Conjonctures de l'Afrique centrale

Recension rédigée par Roland Pourtier


Publié depuis 2018, Conjonctures de l’Afrique centrale a pris le relais de l’Afrique des Grands Lac, qui couvrit les années 1997 à 2016. L’annuaire regroupe les principaux centres de recherche de Belgique dédiés au bassin du Congo dans le périmètre de l’ancien domaine colonial belge (RDC, Rwanda et Burundi) : universités d’Anvers et de Louvain, Centre belge de référence pour l’expertise sur l’Afrique centrale (CRE-AC), Musée royal de l’Afrique centrale.

            L’introduction à l’annuaire 2021 rappelle opportunément qu’il s’agit d’une revue en langue française, dans un monde académique dominé par les institutions et publications anglophones, avec une très forte implication des chercheurs africains d’Afrique centrale. Le numéro rassemble 17 articles, rédigés par une quarantaine d’auteurs, autour de quatre thèmes : pandémie de COVID 19, Politique et gouvernance, ressources naturelles, minerais, forêts et terres, sociétés.

            Fruit d’une recherche collaborative de 14 auteurs, le texte consacré à la pandémie s’est principalement intéressé à la « gouvernance ». Il montre comment les situations diffèrent entre le Rwanda aux encadrements socio-politiques rigoureux, le Burundi, travaillé par des tensions politiques internes fortes qui ont remisé l’action sanitaire au second plan, et l’immense RDC aux réalités locales diverses laissant le champ ouvert à la négociation entre élites politiques, pouvoirs coutumiers, populations habituées à toutes sortes de pratiques de résilience.
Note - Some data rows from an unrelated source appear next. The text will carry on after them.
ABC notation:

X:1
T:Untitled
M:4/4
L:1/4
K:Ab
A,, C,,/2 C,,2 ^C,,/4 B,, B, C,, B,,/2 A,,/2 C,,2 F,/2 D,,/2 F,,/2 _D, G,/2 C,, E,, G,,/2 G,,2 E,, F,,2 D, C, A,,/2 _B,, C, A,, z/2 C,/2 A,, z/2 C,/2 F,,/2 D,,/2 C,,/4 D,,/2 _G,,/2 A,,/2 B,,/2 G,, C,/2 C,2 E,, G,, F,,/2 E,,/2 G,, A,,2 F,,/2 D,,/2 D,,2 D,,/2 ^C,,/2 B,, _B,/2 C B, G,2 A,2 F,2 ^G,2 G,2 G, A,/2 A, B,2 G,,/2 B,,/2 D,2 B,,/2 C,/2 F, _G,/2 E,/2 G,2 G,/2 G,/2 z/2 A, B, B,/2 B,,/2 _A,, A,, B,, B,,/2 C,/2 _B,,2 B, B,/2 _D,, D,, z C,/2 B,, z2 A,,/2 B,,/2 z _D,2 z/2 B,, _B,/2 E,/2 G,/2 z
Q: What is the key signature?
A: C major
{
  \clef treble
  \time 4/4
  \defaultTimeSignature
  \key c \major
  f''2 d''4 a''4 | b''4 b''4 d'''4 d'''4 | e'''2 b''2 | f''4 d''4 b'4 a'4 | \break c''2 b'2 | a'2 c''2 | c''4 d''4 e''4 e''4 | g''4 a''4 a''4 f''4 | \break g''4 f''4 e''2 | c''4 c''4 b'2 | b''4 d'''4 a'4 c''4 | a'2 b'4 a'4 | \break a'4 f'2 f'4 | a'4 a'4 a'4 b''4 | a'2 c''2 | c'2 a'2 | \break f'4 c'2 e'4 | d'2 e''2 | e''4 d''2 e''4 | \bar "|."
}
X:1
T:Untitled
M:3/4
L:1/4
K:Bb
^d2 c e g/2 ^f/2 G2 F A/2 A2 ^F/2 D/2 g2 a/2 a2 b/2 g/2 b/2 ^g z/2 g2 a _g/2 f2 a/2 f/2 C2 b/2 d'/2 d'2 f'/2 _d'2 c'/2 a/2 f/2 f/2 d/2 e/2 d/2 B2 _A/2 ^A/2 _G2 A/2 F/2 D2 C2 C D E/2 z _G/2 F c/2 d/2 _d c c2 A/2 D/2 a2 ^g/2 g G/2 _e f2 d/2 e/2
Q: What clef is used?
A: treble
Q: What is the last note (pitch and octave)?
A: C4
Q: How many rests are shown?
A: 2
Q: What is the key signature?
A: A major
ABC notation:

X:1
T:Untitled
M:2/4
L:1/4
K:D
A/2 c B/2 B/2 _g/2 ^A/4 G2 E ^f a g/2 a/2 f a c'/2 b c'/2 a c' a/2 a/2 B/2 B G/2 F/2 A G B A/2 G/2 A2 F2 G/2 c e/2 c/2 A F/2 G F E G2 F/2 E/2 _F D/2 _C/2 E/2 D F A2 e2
Il manque à ces réflexions quelques données factuelles de base sur la COVID 19 dans le bassin du Congo. Il est vrai que les données statistiques sont très fragmentaires, voire inexistantes ou douteuses, en particulier en RDC, si bien que l’étude se limite en réalité à celle de comportements individuels face aux décisions prises par telle ou telle instance de pouvoir sans qu’on puisse en évaluer l’impact réel.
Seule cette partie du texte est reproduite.